One interesting lever that we have here is decoupling “weight” for incentive purposes, vs “weight” for consensus purposes: each validator’s reward within the committee should be the same (at least for validators with \le M ETH), to keep average rewards proportional to balance, but we can still make consensus count validators in the committee weighted by ETH. This ensures that breaking finality requires an amount of ETH equal to > \frac{1}{3} of the total ETH in the committee.
A back-of-the-nakpin Zipf’s law analysis would compute that amount of ETH as follows:
- At each power-of-two level of total balance, there would be a number of validators inversely proportional to that balance level, and the total balance of those validators would be the same.
- Hence, the committee would have an equal amount of ETH participating from each balance level, except the levels above the barrier M, where the validator is in the committee always.
- Hence we have k validators at each of log_2(M) levels, and k + \frac{k}{2} + ... = 2k validators at the levels above. So k = \frac{4096}{log_2(M) + 2}.
- The largest validator would have M * k ETH. We can work backwards: if the largest validator has 2^{18} = 262144 ETH, this would imply (roughly) M = 1024 and k = 256.
- The total ETH staked would be:
- The full stake of the top 512 validators (2^{18} * 1 + 2^{17} * 2 + ... + 2^{10} * 2^{8} = 2359296)
- Plus the randomly sampled smaller stakes (2^8 * (2^9 + 2^8 + 2^ 7 ...) \approx 2^8 * 2^{10} = 2^{18})
- In total we get 2621440 ETH staked, or a cost of attack of ~900k ETH.
The main disadvantage of this approach is somewhat more in-protocol complexity to randomly choose validators in such a way that we get consensus safety even across committee changes.

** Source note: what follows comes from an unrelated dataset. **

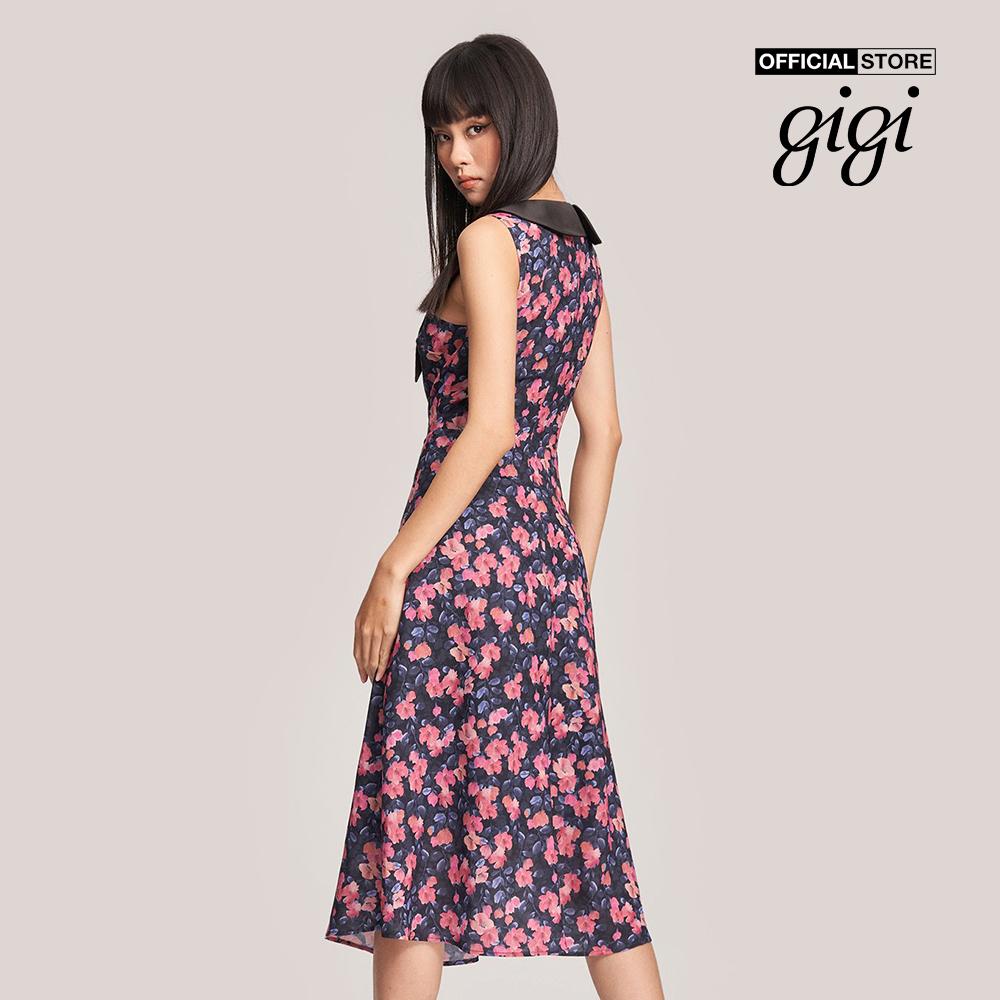 GIGI - Đầm midi sát nách cổ bẻ họa tiết hoa thời trang G2102D222133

The main advantages are that it preserves solo staking in a recognizable form, preserves a one-class system, and even allows for the minimum deposit size to be reduced to a very low level (eg. 1 ETH).
Conclusions
If we establish that in a post-SSF protocol, we want to stick to 8192 signatures, this makes the job much easier for technical implementers, as well as builders of side infrastructure like light clients. It becomes much easier for anyone to run a consensus client, and users, staking enthusiasts and others would be able to immediately work off of that assumption. The future load of the Ethereum protocol becomes no longer an unknown: it can be raised in the future through hard forks, but only when developers are confident that technology has improved enough to be able to handle a larger number of signatures-per-slot with the same level of ease.
The remaining job would be to decide which of the above three approaches, or perhaps something else entirely, we want to go with. This would be a question of which tradeoffs we are comfortable with, and particularly how we navigate related issues such as liquid staking, which could be resolved separately from the now-much-easier technical questions.